Let’s take a trip with a time machine, so where and why would you really want to go for a whole day?
Although I’m in awe when I hear pre-war blues records, I certainly would not want to go hear Charley Patton or Robert Johnson in Mississippi. It was a world full of violence, misery and racism of the worst kind, and I would not get out of this day alive. It’s a good thing it belongs to the past, although I’m not certain we’re totally out of it. So maybe I’d take a trip to the 1960’s, when people realized that they could make this world a better world. I’d go to Chicago or San Francisco. I’d love to make friends with Bloomfield, Magic Sam, Duane Allman or Alan Wilson… Well, it’s still possible these days to visit Bob Koester at Bob’s Jazz & Blues Mart in Chicago, and that itself is like a trip with a time machine!
How you would spend a day with Hendrix? What would you say to Janis? What would you like to ask Leadbelly?

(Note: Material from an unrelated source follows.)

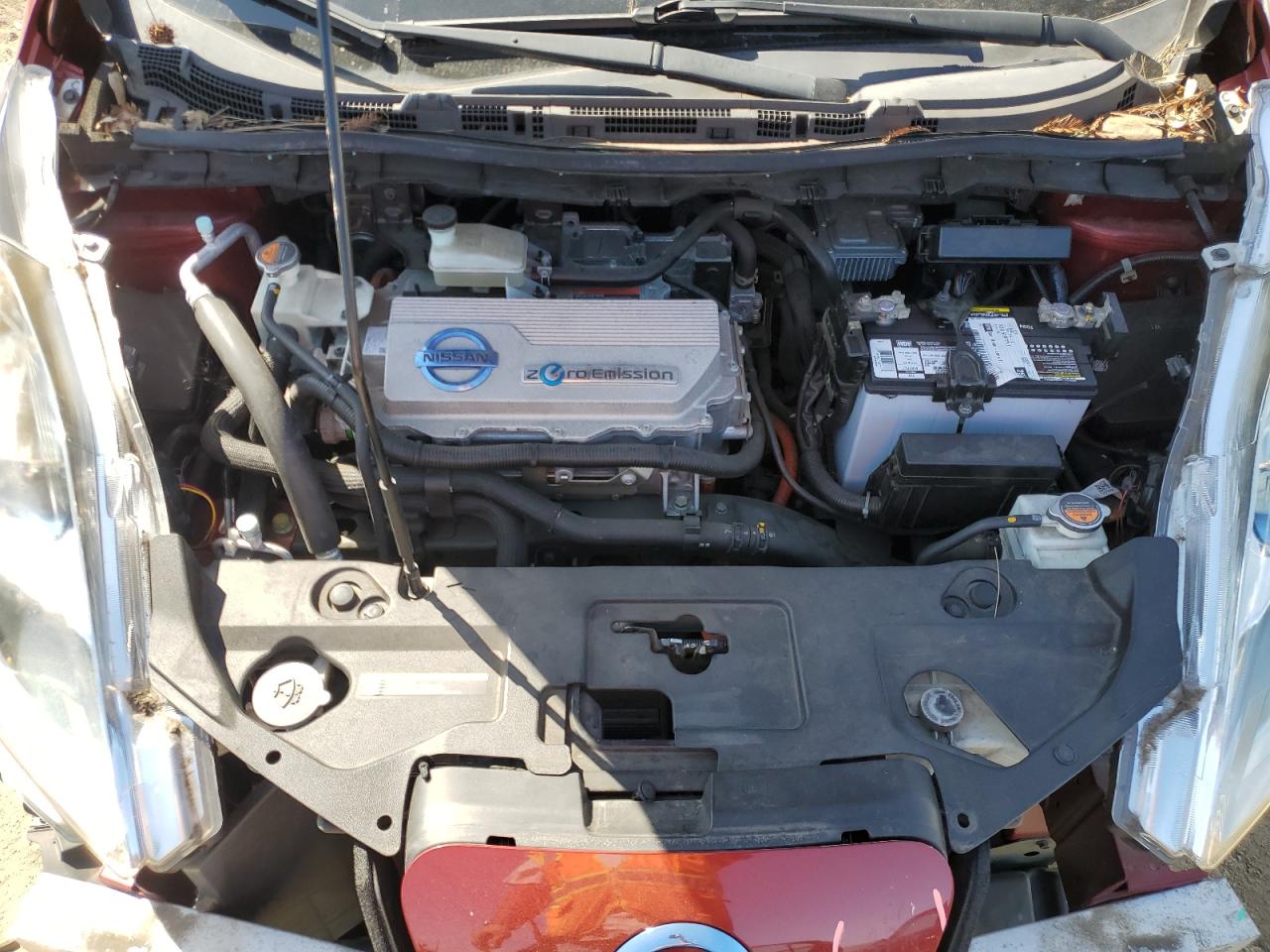 2012 Nissan Leaf - Image 11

A day with Hendrix: smoking in a room with good records to listen to, a guitar not too far and maybe a few girlfriends of his. Hendrix was a musical genius, but he also seemed to be such a nice fellow… Janis Joplin? I would tell her how beautiful she is. She never knew and that is so sad. And Lead Belly… I think the real reason why he got his nickname remains a mistery. But he wouldn’t tell me. So I’d probably ask him his opinion on the musical scene of today. We would have plenty to laugh over a pint of whisky.